Packet contains 30 seeds
1 g contains ~300 seeds
5 g contains ~1,500 seeds
10 g contains ~3,000 seeds
Open Pollinated, Untreated, NO GMO’s
France Rowland –
I have tried growing milkweed from seeds and have not had any success at it. A friend suggested growing from a live plant but I don’t see those on the website. Do you plan to have them at some time, or do you have advice on increasing my chances of success growing from seed? Thank you!
(0) (0) Watch Unwatch
Richo Cech –
People think common weeds should be the easiest thing to grow and are surprised when it doesn’t work. Not me. I understand that wild seeds contain germination inhibiting compounds that help time their emergence according to season. That means a seed like this planted in warm soil (garden or greenhouse conditions) probably won’t germinate until the next vernal cycle. That means it will overwinter and germinate in the spring. Early spring germination helps these plants survive because there is less competition at that time of year from grasses and summer weeds. Sow seed in early spring. Cool soil germinator. Strew seeds on disturbed soil in spring, rake in and tamp, then watch the magic happen!
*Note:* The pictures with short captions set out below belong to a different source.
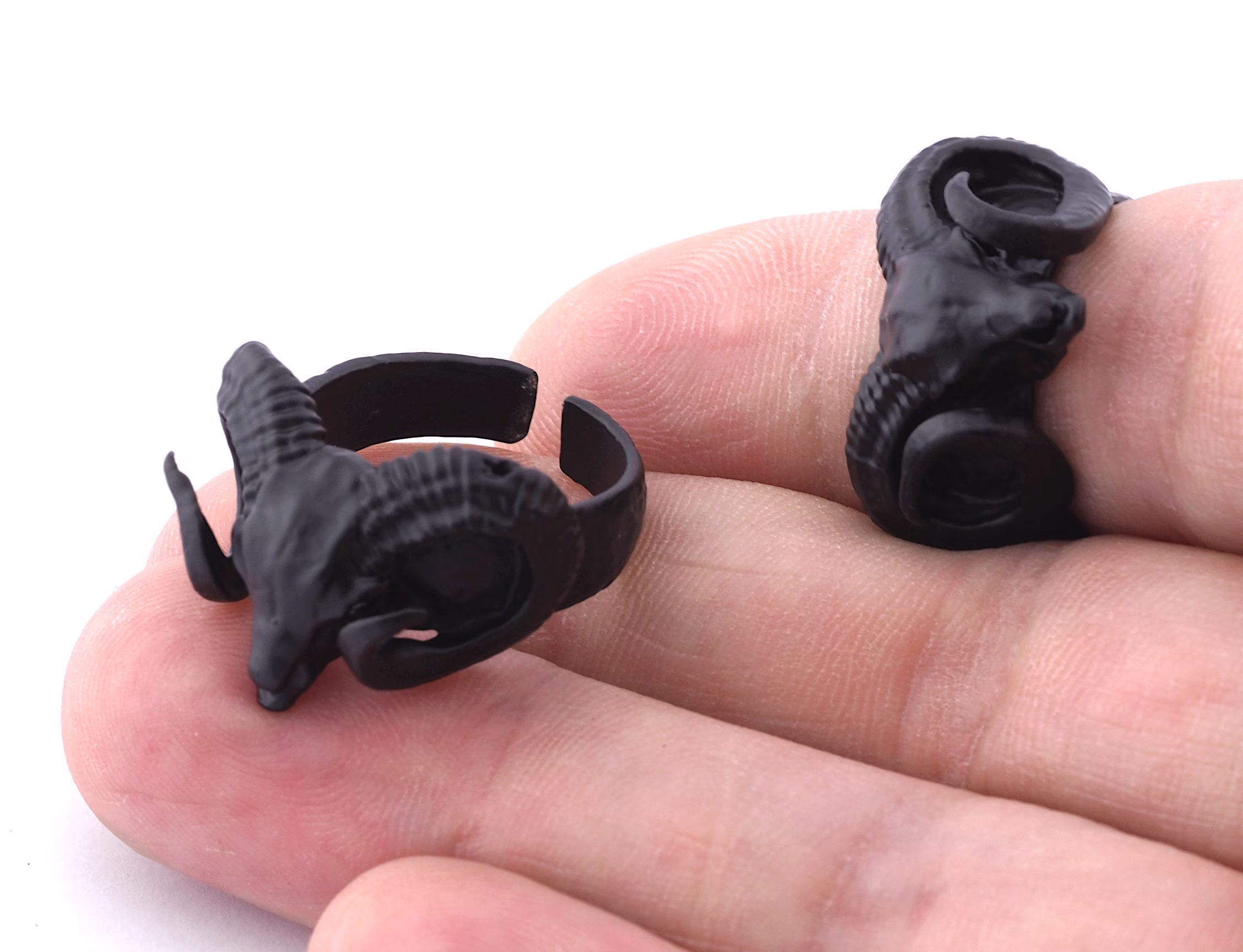 Ram Adjustable Ring Black Painted Brass | 17.5mm 7Us Inner Size Oz3363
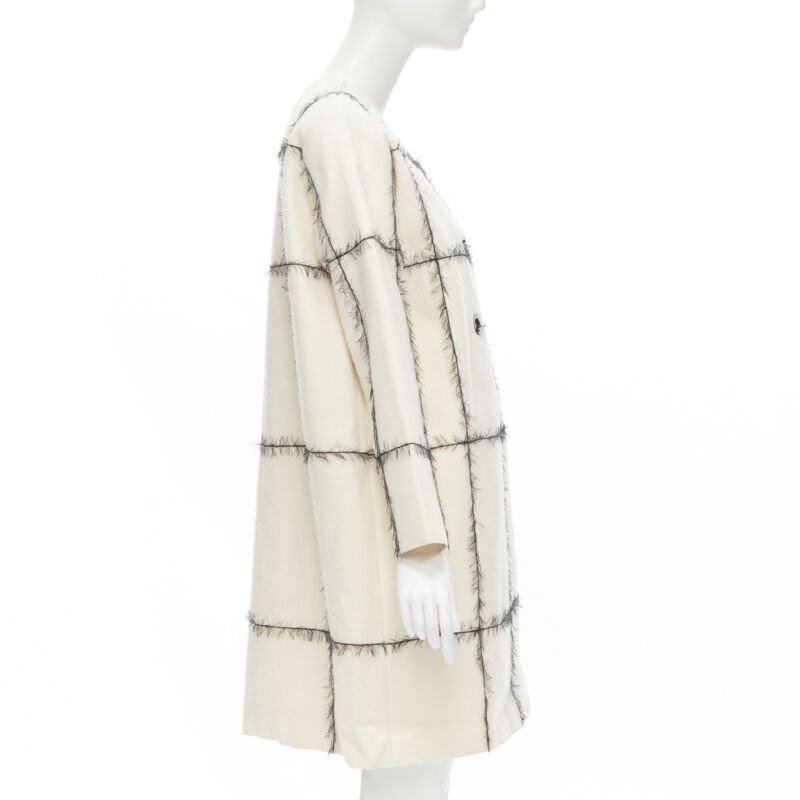 Veronique Leroy Cream Frayed Toggle Coat - Side view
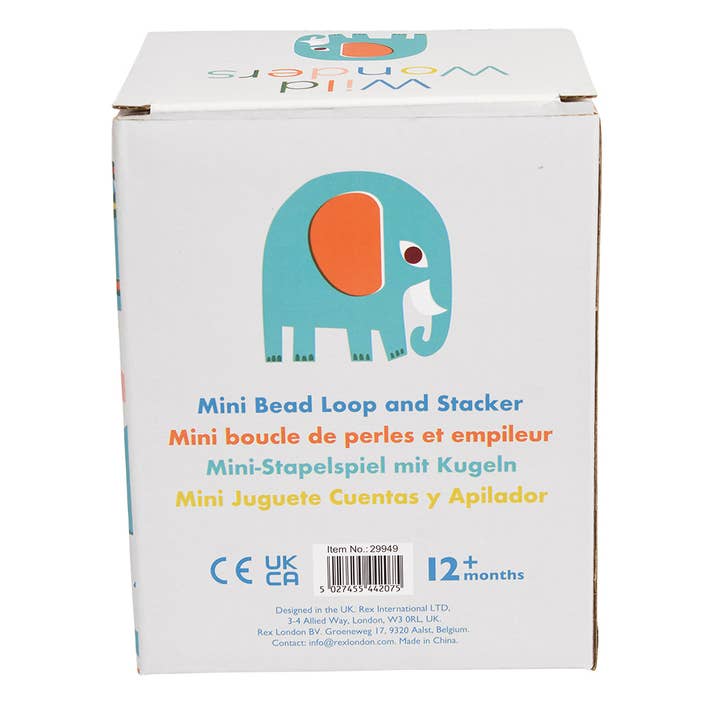 Rex B2B - Europe - Wholesale Wood Toy - Kids - Mini bead loop and stacker toy - Wild Wonders4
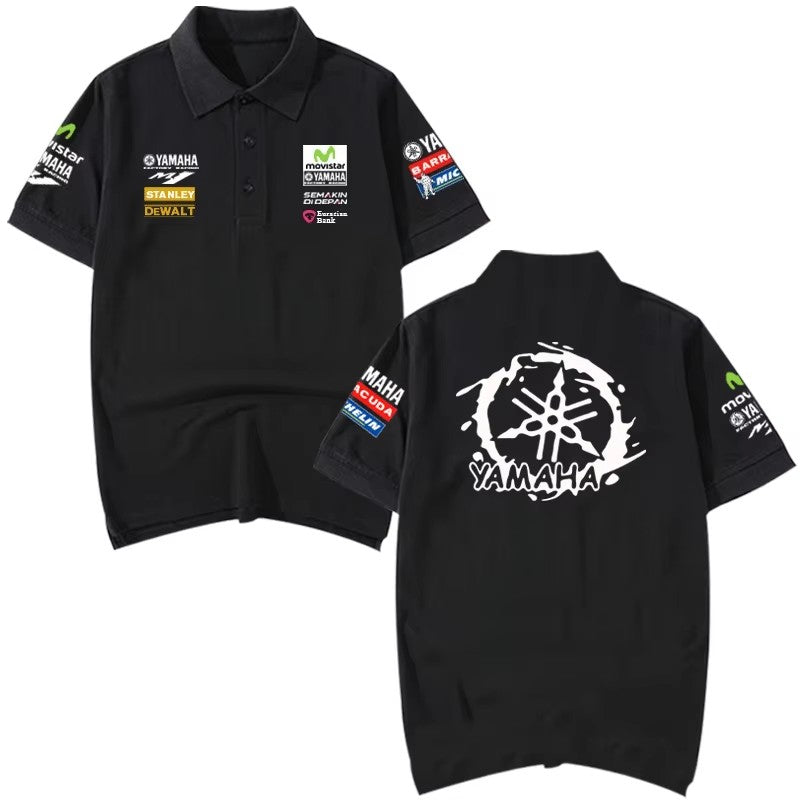 YAMAHA Yamaha MotoGP Factory Team Motocicleta Equitação Camisa POLO de algodão estampada masculina de manga curta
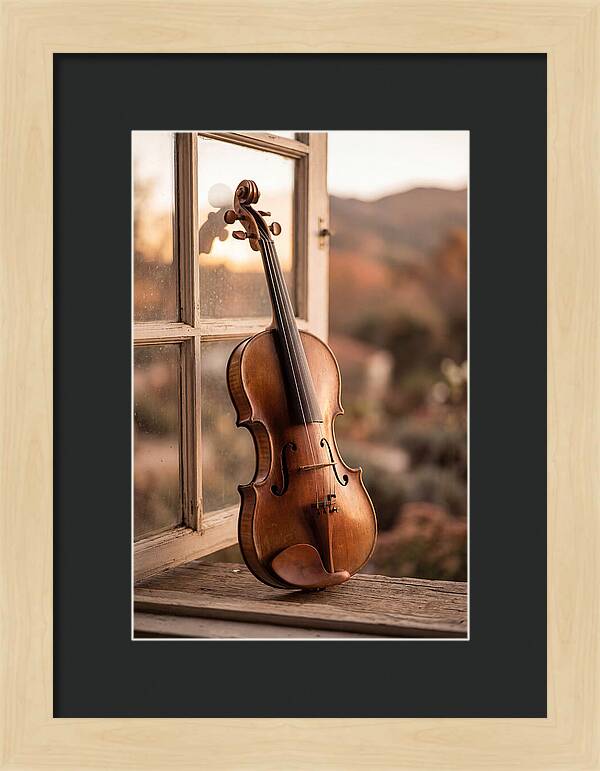 Violin Resting Against Window
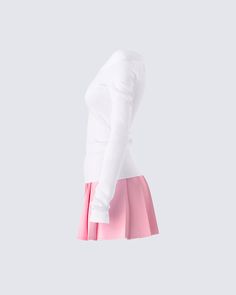 The perfect fit for our babes in their sweet but sassy era 🎀 With a subtle, yet chic look - this two-piece set features a white off-shoulder top paired with a pink pleated mini skirt 🤍 White Fitted Feminine Mini Skirt, White Mini-length Feminine Skirt, White Mini Skirt In Feminine Style, Feminine Fitted White Skort, White Mini Length Feminine Skirt, Fitted Feminine White Skort, White Mini Skirt With Feminine Style, White Feminine Mini Skort, Chic Pink Mini Tennis Skirt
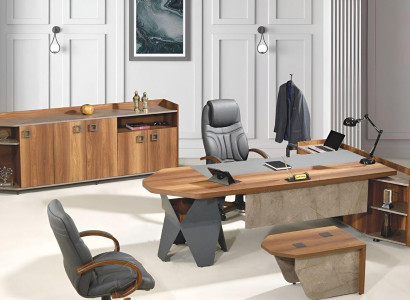 Complete e Office Desk Office desk Set 4pcs Wood Brown Chest of drawers Big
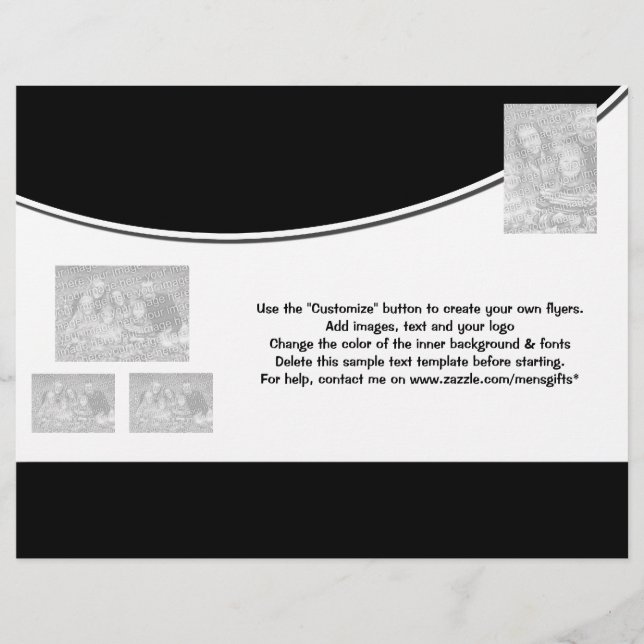 Svart vit reklam för marknadsföring reklamblad (Framsidan)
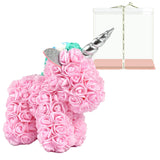 Rose Flower Uicorn Handmade Flower Mythical Beast Simulation Foam Rose Bear For Christmas Valentine'S Day Birthday (Light Pink)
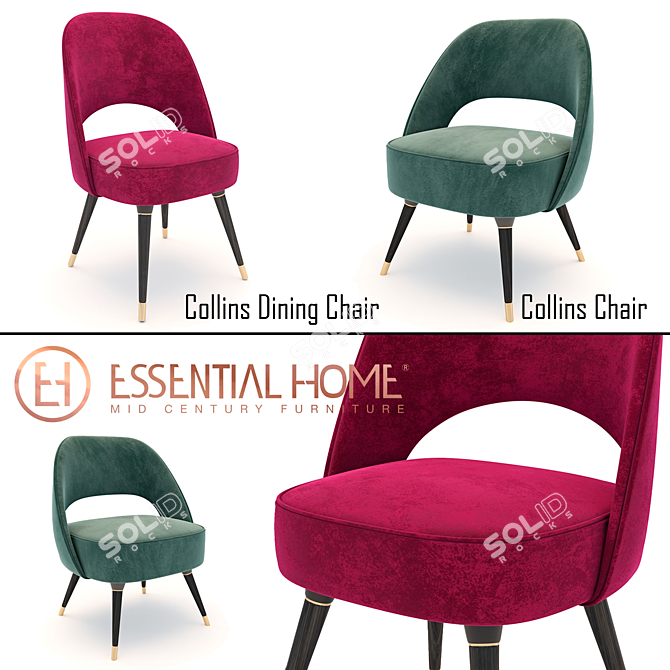 Essential Home Collins Velvet Chair 3D model image 1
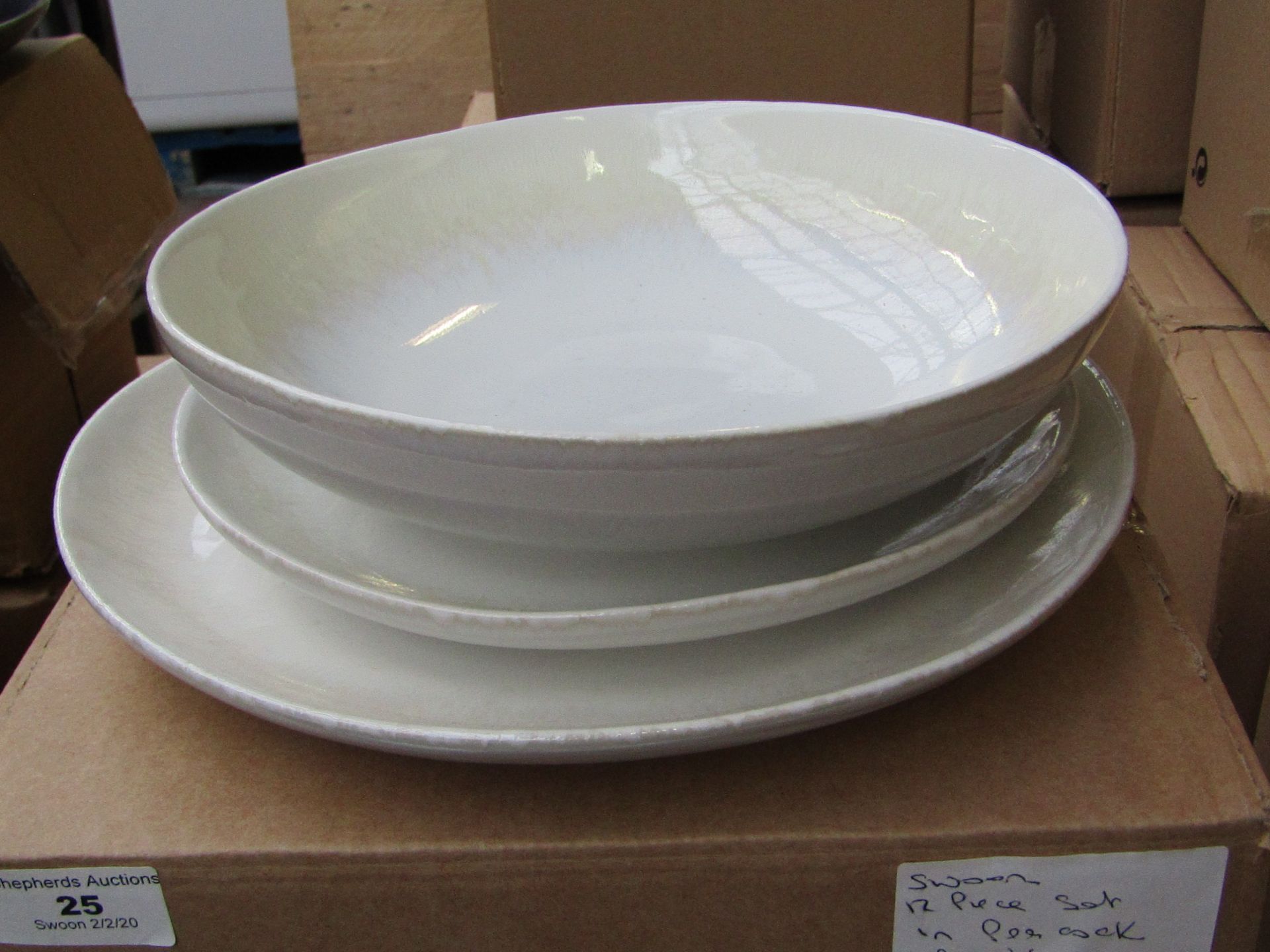| 1 x | SWOON HELENA 12PC DINNER SET WHITE | BOXED | SKU - | RRP £ 120 |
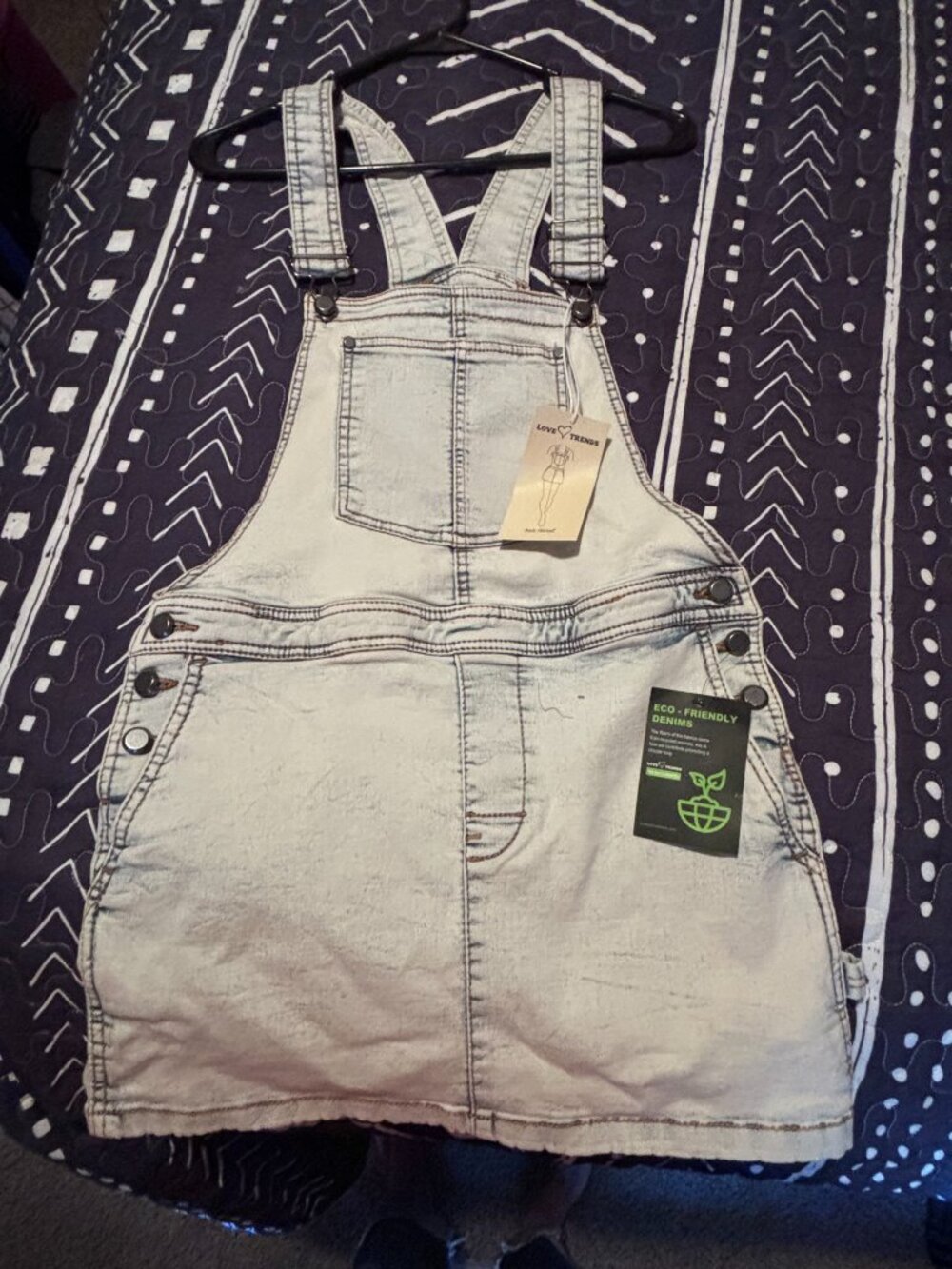 Light wash denim overall dress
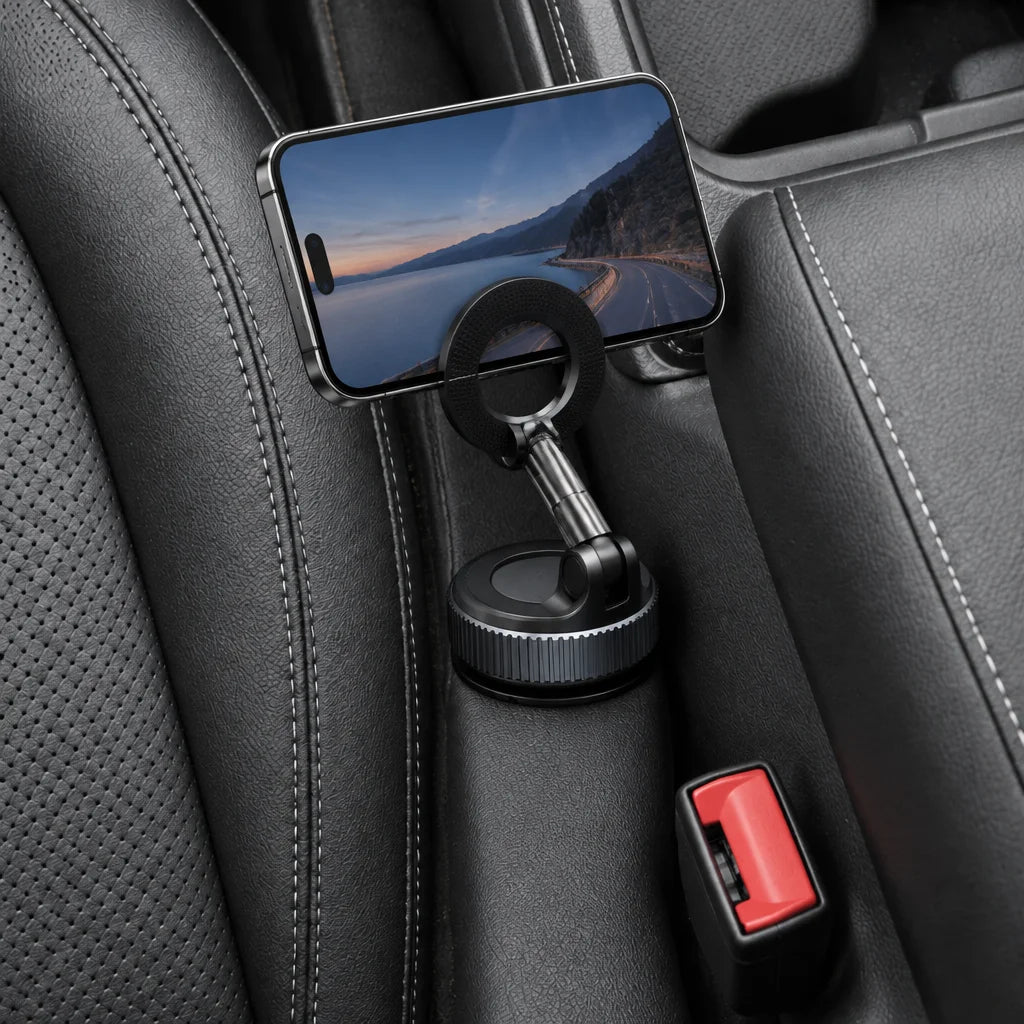 Show this exact magnetic car phone holder in the same type of real vehicle interior with a phone rot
In careful culture, plant in beds or in flats or pots–barely cover seed and tamp thoroughly, then keep evenly moist until germination. Thin or transplant to 1 foot apart.
Renee Johnson –
But don’t they typically spread via rhizomes?
Richo Cech –
these are rhizomatous once established
Admin Richo Cech –
Milkweed (Asclepias syriaca) pods, crying milk of the Earth. Monarch butterflies love them, and so do children, who never tire of playing with the plant (at least, I never did), breaking a stem to observe the copious white milk pour out, removing a flower to suck the sugary nectar, opening the pods to reveal the silk parachutes with their precious payloads of gemplasm. . . Many have tried to utilize the plant over the centuries, touting the young shoots as an asparagus-like wild edible, using the silk to make paper, using the mature stalks as cordage, making a sunblock out of the seed extract–but in the end, it is somehow reassuring simply to have the plant around. It is from here, and despite the efforts of highway departments to eradicate it, will always be here, especially if we keep a little patch in our gardens. This plant can remind us that life is beautiful, whether it be the life of a plant, or the life of a human. Many have forgotten this simple truth. Maybe that’s why Milkweed cries.
(1) (0) Watch Unwatch
Tyna Bianca –
I know milkweed to be good for getting rid of moles on ones skin. It’s a native American cure as I know it. The milk that comes from the plant is put in the mole to shrink it. I have used it and it works!